# Spectral_decomposition_driver_notebook

## Overview
The Isomantics algorithm consists of the following stages:
### **(Stage 0)** Prepare vocabulary
* currently prepared languages:
    1. English
    2. Russian
    3. German
    4. French
    5. Italian
    6. Chinese 
    
### **(Stage 1)** Word embeddings.  Using `fasttext` or `word2vec` we embed the vocab for each of the languages
### **(Stage 2)** Train translation matrices:

* Training set:
    * For two given languages $Lg_1$ and $Lg_2$, we create a training set $\Omega_{(Lg_1,Lg_2)}$ as follows:
        1. For each $word_i$ in language 1, find the direct translation $\widehat{word_i}$ in language 2.
        2. Find vector embeddings $w_i\in Lg_1$ and $\widehat{w_i}\in Lg_2$ of $word_i$ and $\widehat{word_i}$ respectively.
        3. Add the pair $<w_i,\widehat{w_i}>$ to the training set $\Omega_{(Lg_1,Lg_2)}$
            * **Note** we found that training only for for only the the top 5-10k most popular terms in  $\Omega_{(Lg_1,Lg_2)}$ generates the best word-to-word translation results on out of sample test sets.
* Building the Cost function:
    * Loss function for the learning process:
        * $ Loss(T_{Lg_1,Lg_2})= ||Tw_i - \widehat{w_i}||^2_2 $
    * Regularization terms:
        * Over fitting Regularizer:
            * $Reg_{Frobenius}(T_{Lg_1,Lg_2}) = ||T_{Lg_1,Lg_2}||_2$
        * Normality Regularizer:
            * $Reg_{Normality}(T_{Lg_1,Lg_2}) = ||T_{Lg_1,Lg_2}^{T}T_{Lg_1,Lg_2} - T_{Lg_1,Lg_2}T_{Lg_1,Lg_2}^T||_2$
                * **Note** The Normality Regularizer is used to ensure that the resulting matrix is diagonalizable.


#### Full cost function:
$$ J(T_{Lg_1,Lg_2})= Loss(T_{Lg_1,Lg_2}) + \lambda_{1}Reg_{Frobenius}(T_{Lg_1,Lg_2}) + \lambda_{2}Reg_{Normality}(T_{Lg_1,Lg_2}) $$  

### **(Stage 3)** Translation Spectral Analysis:
* Factor the matrix $T_{Lg_1,Lg_2} = U\Sigma V^T$ where $U$ and $V$ are orthonormal (rotation) matrices and $\Sigma$ gives the eigenvalues of $T_{Lg_1,Lg_2}$  or the "*Translation spectrum*"
* Run a statistical analysis of the spectral values associated with each pair of languages.
    1. mean
    2. median
    3. max value
    4. min value
    5. standard deviation

* Compare the statistical spectral analysis across different language pairs.

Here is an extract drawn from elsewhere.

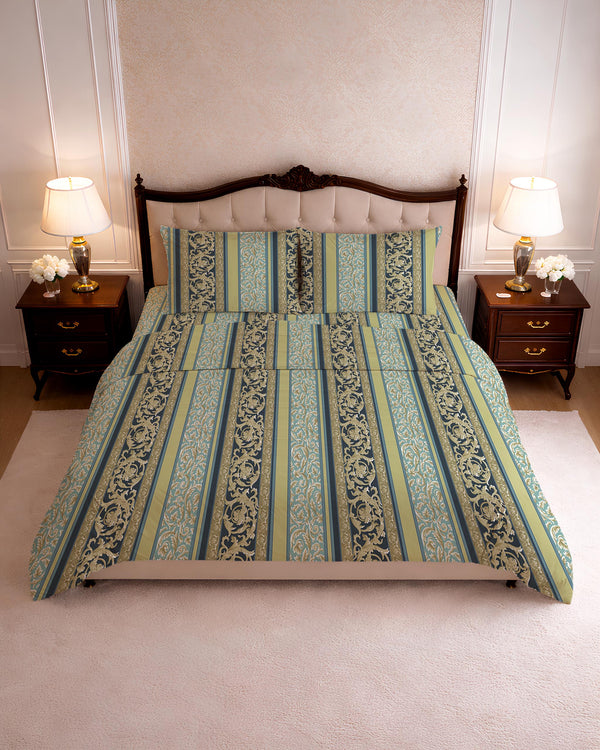 200 TC PRINTED HEATHER FLAT SET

# (Stage 0) Prepare vocabulary:

# TODO 
 * add details on where the vocab was downloaded from
 * point to where the data is in the repo
 * add instructions on where to call it in the code

# (Stages 1 and 2) 
1. Word embeddings. Using fasttext or word2vec we embed the vocab for each of the languages
2. Train translation matrices:

# TODO 
 * add details on where the vocab is located
 * point to where the embeddings are located
 * Test following code on embedding process:

In [1]:
# Import tools for running Spectral decomposition
import sys
sys.path.append("../")
import ismtools



Using TensorFlow backend.


In [None]:
# TODO script this section and call the script from bash in this cell
    # add the -a for setting calculate_KNN = True
# TODO?? put manual list of translations into ismtools or another imported .py

#Set parameter on calculate KNN (need to change for -a sysarg)
calculate_KNN = False

languages = ['en','ru','de','es','fr','it', 'zh-CN']
for lang1 in languages:
    for lang2 in languages:
        translations.append(('fasttext_top',lang1, lang2))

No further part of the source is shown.